Book: Networked Politics: rethinking political organisation in an age of movements and networks. A reader produced by TNI, Transform! Italia, IGOP and Euromovements. January 2007


Full online version at http://www.tni.org/reports/newpol/networkedpoliticscover.pdf

Description

Networked Politics is the product of a collaborative research process for rethinking political organisation in an age of movements and networks. In a world where the traditional institutions of democratic control have been weakened by an unconstrained global market and superpower military ambitions, it uncovers diverse forms of resistance with the potential to create new institutions for social change. The authors set out the principles upon which such transformations should be based, and the challenges that stand in the way of their realisation.

The discussion is then pursued along four interrelated lines of inquiry. These examine social movements, including their development of new forms of knowledge and organisation; progressive political parties, and attempts to bring about transformative forms of political respresentation; the dangers and opportunities facing the development of political institutions in a network society; and the potential of new techno-political tools for facilitating and reconceiving political organisation. A series of case studies are also offered, drawing critical lessons from the experience of the German Green Party; the 2006 French mobilisation against the controversial CPE employment law; and an extended discussion on 'open source as a metaphor for new institutions'.


Contributors

Networked Politics presents 'work in progress' that was discussed at seminars in Barcelona, Manchester and Bologna by:

Ezequiel Adamovsky, Christophe Aguiton, David Beetham, Franco Berardi (‘Bifo’), Marco Berlinguer, Quim Brugué, Salvatore Buonamici, Angel Calle, Geraldo Campos, Dominique Cardon, Luciana Castelina, Pedro Chavez, Branka Curcic, Alex Foti, Jane Foot, Mayo Fuster Morell, Gemma Galdon Clavell, Ricard Gomà, Cornelia Hildebrandt, Brian Holmes, Jamie King, Carolyn Leckie, Achour Boukkaz Mehdi, Sandro Mezzadra, Moema Miranda, Alan McCombes, Javier Navascués, Jaume Nualart, Lluc Pelàez, Inês Pereira, Sheila Rowbotham, Joan Subirats, Marco Trotta, Iñaki Vazquez, Ricard Vilaregut, Asbjorn Wahl, Hilary Wainwright, Frieder Otto Wolf

Editors: Hilary Wainwright, Oscar Reyes, Marco Berlinguer, Fiona Dove, Mayo Fuster Morell and Joan Subirats

Online Availability of Subsections

  • Introduction

http://www.tni.org/reports/newpol/networkedpolitics1.pdf

  • Principles and Challenges

http://www.tni.org/reports/newpol/networkedpolitics2.pdf

  • Lines of Inquiry

http://www.tni.org/reports/newpol/networkedpolitics3.pdf

  • Discussion: Open source as a metaphor for new institutions

http://www.tni.org/reports/newpol/networkedpolitics4.pdf

  • Conclusion: Lingering thoughts and unanswered questions

http://www.tni.org/reports/newpol/networkedpolitics5.pdf


Research Project

URL = http//:www.networked-politics.info

Description

"In broad terms, Networked Politics is an inquiry into the shift from centralized and hierarchical forms of organization towards decentralized and horizontal forms from the perspective of new ways of organising for social change. Of course hierarchical and centralizing tendencies persist and even appear in new forms, but we are struck by how organisational logics and forms of a similar kind are emerging in many different spheres.

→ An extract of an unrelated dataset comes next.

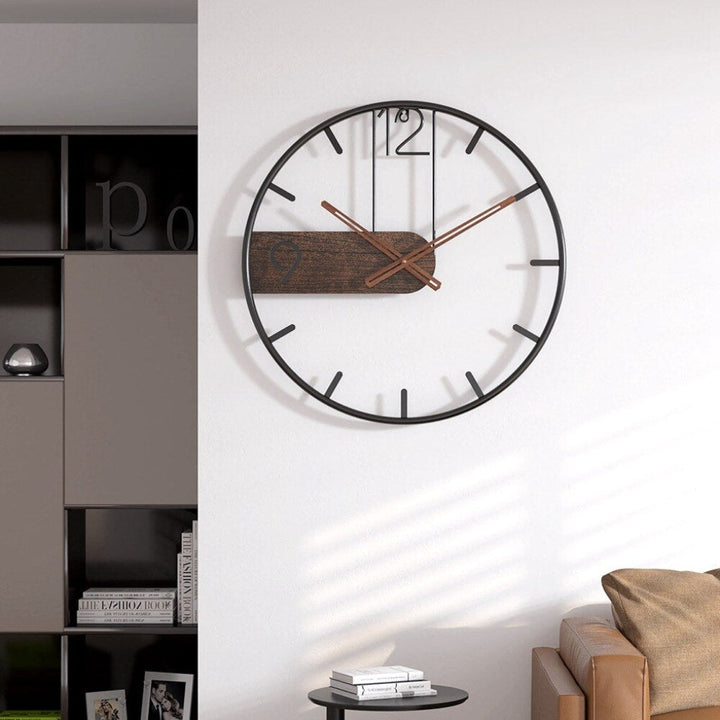 Orologio da parete moderno in acciaio e noce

The nature of 'networked politics', even those elements of it that have been identified and discussed is still unclear. It is still very much an emerging reality. There is much that is unknown and many questions about how to conceptualise the innovations, the potentialities and the problems associated with it. We think it is useful systematically to reflect on the consequences and ambiguities of these new realities. And although our focus in this search is the changing forms of political organization we are learning from experiences and metaphors in other spheres.

The main experiences which have led us to this research are the Social Forums models of organizing. But we have been also exploring the Free and Open Source Software (FOSS) movement and the web communities, inspired by their organizational parallels with the Social Forums. We have also been investigating “techno-political tools”: conscious attempts to introduce the new information and communication technologies into processes of  political action and organization.     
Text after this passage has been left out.